Pratiques, économiques et accessibles, les petits sachets d'eau jetables sont devenus une partie essentielle du quotidien au Sénégal. Leur consommation à grande échelle est accompagnée par la présence constante de vendeuses, souvent des enfants, qui sillonnent la ville de Dakar. Il est 15 heures, le soleil s'écrase sur la capitale sénégalaise, balayant ses rues bruyantes de bruits de moteurs de voiture et d'une chaleur étouffante. Au cœur de cette fournaise urbaine, les sachets d'eau plastique deviennent le souffle rafraîchissant que tout le monde recherche, mais derrière cette scène quotidienne se cachent des récits d'enfants, d'efforts et de luttes.

Dans les ruelles de nombreux enfants, principalement âgés de 13 ans, passent leurs journées à vendre ces précieux sachets d'eau à 50 francs. Un sacrifice choisi par nécessité, car ces jeunes ont renoncé à l'éducation pour contribuer financièrement à la survie de leurs familles. Les rues résonnent de leurs appels enjoués : « Il y a de l'eau ici ! De l'eau ! », un refrain quotidien évoquant la fraîcheur bienvenue de ces sachets d'eau glacée.

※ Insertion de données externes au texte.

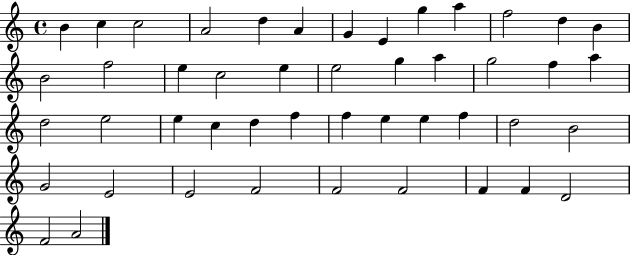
B4/q C5/q C5/h A4/h D5/q A4/q G4/q E4/q G5/q A5/q F5/h D5/q B4/q B4/h F5/h E5/q C5/h E5/q E5/h G5/q A5/q G5/h F5/q A5/q D5/h E5/h E5/q C5/q D5/q F5/q F5/q E5/q E5/q F5/q D5/h B4/h G4/h E4/h E4/h F4/h F4/h F4/h F4/q F4/q D4/h F4/h A4/h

Sous la chaleur implacable, ces petites vendeuses transportent des plateaux et des bassines de sachets d'eau, rivalisant entre elles pour satisfaire une clientèle pressée. Elles s'engagent dans une course effrénée entre les bus. Leur quotidien ? Vendre des sachets d'eau pour leur familles.
 

Concurrence déloyale

À l'arrêt de bus face à la Cité des eaux à Castor , l'agitation règne parmi les jeunes vendeuses d'eau qui se disputent les clients entre les bus. Parmi elles, Aissatou, une fillette de 13 ans au sourire espiègle, se distingue en récoltant 50 francs qu'elle range soigneusement dans une petite pochette beige désormais teintée de marron. La compétition est féroce, et Aissatou s'adresse triomphalement à ses petites camarades, affirmant fièrement qu'elle est arrivée en première.

Cependant, une de ses camarades l'accuse de pratiquer une concurrence déloyale en étant toujours la première à s'approcher des bus à chaque arrêt. Indifférente aux reproches, Aissatou se précipite vers un bus qui vient de s'arrêter, arborant une tenue composée d'une jupe longue bleue, d'un body jaune et blanc, et de sandales vertes. Elle porte un bol sur la tête, maintenu par un foulard qui atténue le poids de sa précieuse marchandise.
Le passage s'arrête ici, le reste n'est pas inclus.